A few months ago fellow blogger Stephanie mentioned she had read a book on tidiness – The Life Changing Magic of Tidying. Then Anna Catt, a work colleague, offered me her copy to read.
What did I learn?
I learnt a great deal. I knew some of the theories, but what are thoughts without action? If you find her arguments persuasive you may be compelled to do something. To throw away everything in your home that does not bring you joy. Not necessarily throw away – take your bin bags to the charity shop where I am sure they will be able to turn it into cash to help people in dire need.
- Get your mind-set right. Decide why you want to have a tidy home (my reasons are set out below)
- You are going to tidy completely but once only – you need to dedicate some serious time to this until it is completed
- You are aiming for perfection so that the new, ideal space motivates you to live differently. Your home will become a beautiful sanctuary
- Approach your possessions by category not by room (ie clothes, books, papers, miscellaneous items, sentimental items)

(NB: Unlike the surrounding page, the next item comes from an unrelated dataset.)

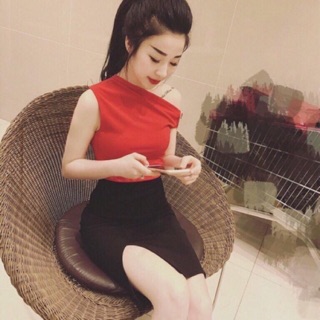 Set áo lệch vai chân váy kẻ- kèm quà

- Handle each item thinking about its meaning to you. Things that you bought but never wore taught you something about what you enjoy wearing. Be thankful for that.
- Decide what you want to keep by what you love – select those things that bring you joy
- Discard everything else by putting it into the right place eg charity shop, dustbin, but don’t pass them on to others as you will burden them with your unwanted stuff (with few exceptions)
- Once you are left with a pile of eg clothes that you absolutely love then store them so you can see at a glance what you have and be sure you will enjoy wearing them and looking after them
- Careful folding into rectangular shapes and arranging vertically in drawers allows you to see what you have. Avoid stacking as you forget what is at the bottom and it gets crushed
- Once everything you own has its own space always return it to this space once you have used it
I was challenged by the notion that one starts with clothes, moving towards ever more emotionally-charged, highly valuable and irreplaceable areas like family heirlooms, letters and photographs. The idea being that clothes are instantly replaceable but things like photographs are not. Yet it was a logic that escaped me. My clothes are emotionally charged, and while they are replaceable I guess I have more invested in them than many things. My family photos are nice but I have hundreds that are similar, and I could scan the ones I love if I could be bothered. I have sold “heirloom” items in the past as I have needed the money more than the sentiment. But clothes have lots of meaning for me, not just the ones I made but also some of those I bought. The book assumes that clothes are less important than books. Also I have the category “fabrics, notions, patterns, and as yet unmade clothes, and craft items, and tools”. I think this would be a separate category for me. So if I am to adopt this approach I may change the order a little.
The other problem area is that my home is shared with my dear husband who has not signed up to this approach. We do have individual areas but we also have shared space. “My” large cutting table is also his “food prep area”. This is economical but not conducive to happiness as we both want to use it, especially at the weekend. Her advice on communal space is to start on personal space and make it perfect. Then it is likely that others in the house will follow suit.
Most questions you may have about tidying are answered in this easy to read volume. I would recommend it as an interesting read. But can I implement it? I thought about this question for quite a long time. Then, on Wednesday I grabbed a pair of red gloves before I left home. They were both for the left hand. Why would someone keep two left gloves? I felt like a total idiot.
Here are my reasons for tackling my home
- I would like a serene and clutter free environment
- I enjoy having a clear line of sight
- I would like my lovely home to look beautiful all the time
- I would like to know that my home is clean and tidy all the time
- I feel burdened by having too much stuff to worry about
- I know I have lots of things that I am no longer aware of that are just taking up space
- I would rather someone else could enjoy them – if they go to the charity shop then they are being recycled and a donation is also made
- I have trouble shutting some of my drawers
- I can’t always find things quickly
- I forget what I already have and sometimes buy the same thing again
- I find it hard to discard gifts and valuable items
- I sometimes think I will get round to something in the future but I haven’t yet (eg knitting two jumpers)
- I bump into furniture as our home is small and we have a lot of stuff
- Many of our storage “solutions” are not well used
- Things are not classified very effectively
- I don’t want to live like this
I am thinking about making this fundamental change and will let you know how I get on.